▶ [Work order] Look below for the line with "Flávio Bolsonaro inicia", then repeat it and all lines after it, exactly, minus any pictures.

-- Opening Marker --

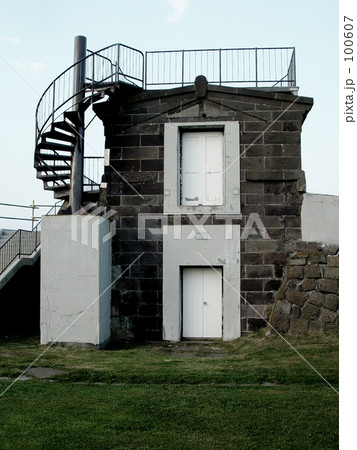 旧海軍望楼１ 100607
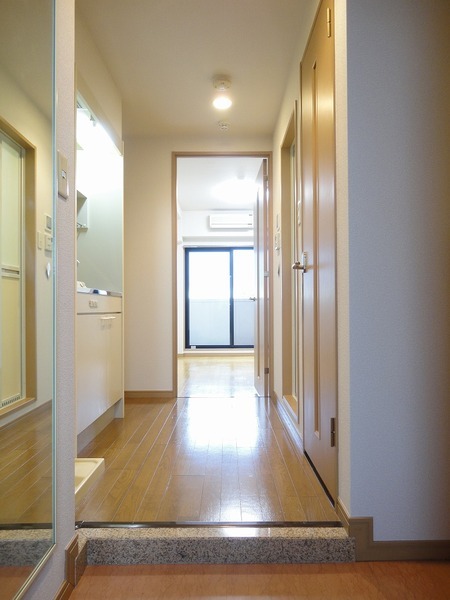 VIDA#0142階 同建物別部屋の参考画像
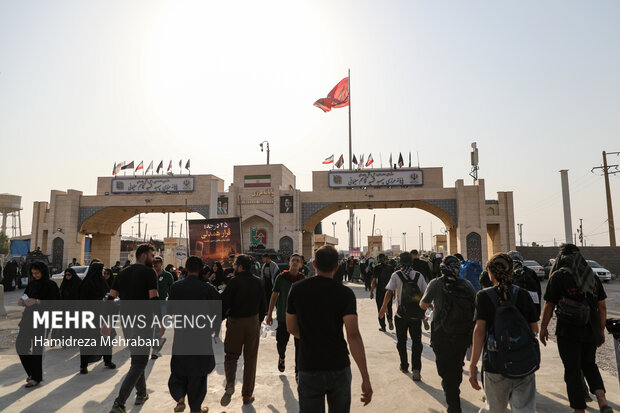 موج بازگشت زوار اربعین حسینی در مرز مهران به روایت خبرنگار مهر موج بازگشت زوار اربعین حسینی در مرز مهران به روایت خبرنگار مهر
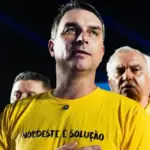 Flávio Bolsonaro inicia pré-campanha no Nordeste e mira ampliar base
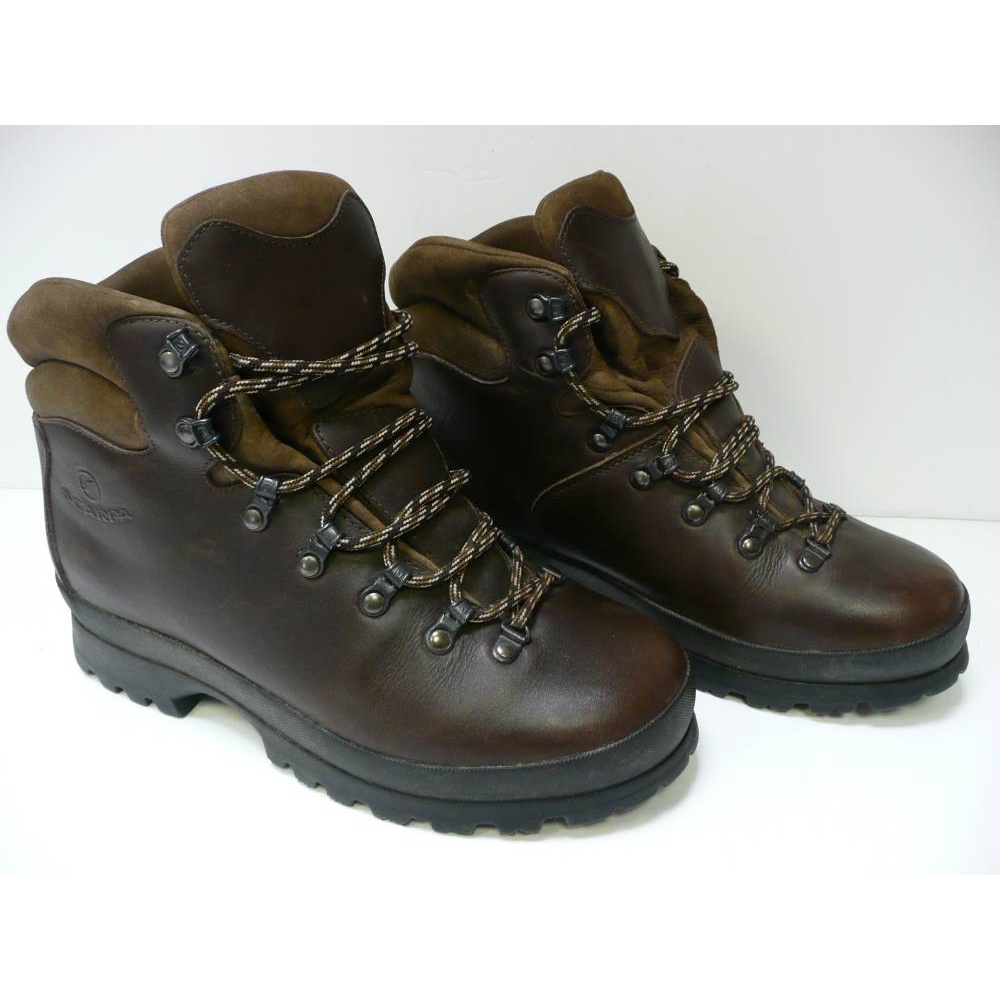 scarpa boots brown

-- Closing Marker --

▶ [Response to the task]
 Flávio Bolsonaro inicia pré-campanha no Nordeste e mira ampliar base
 scarpa boots brown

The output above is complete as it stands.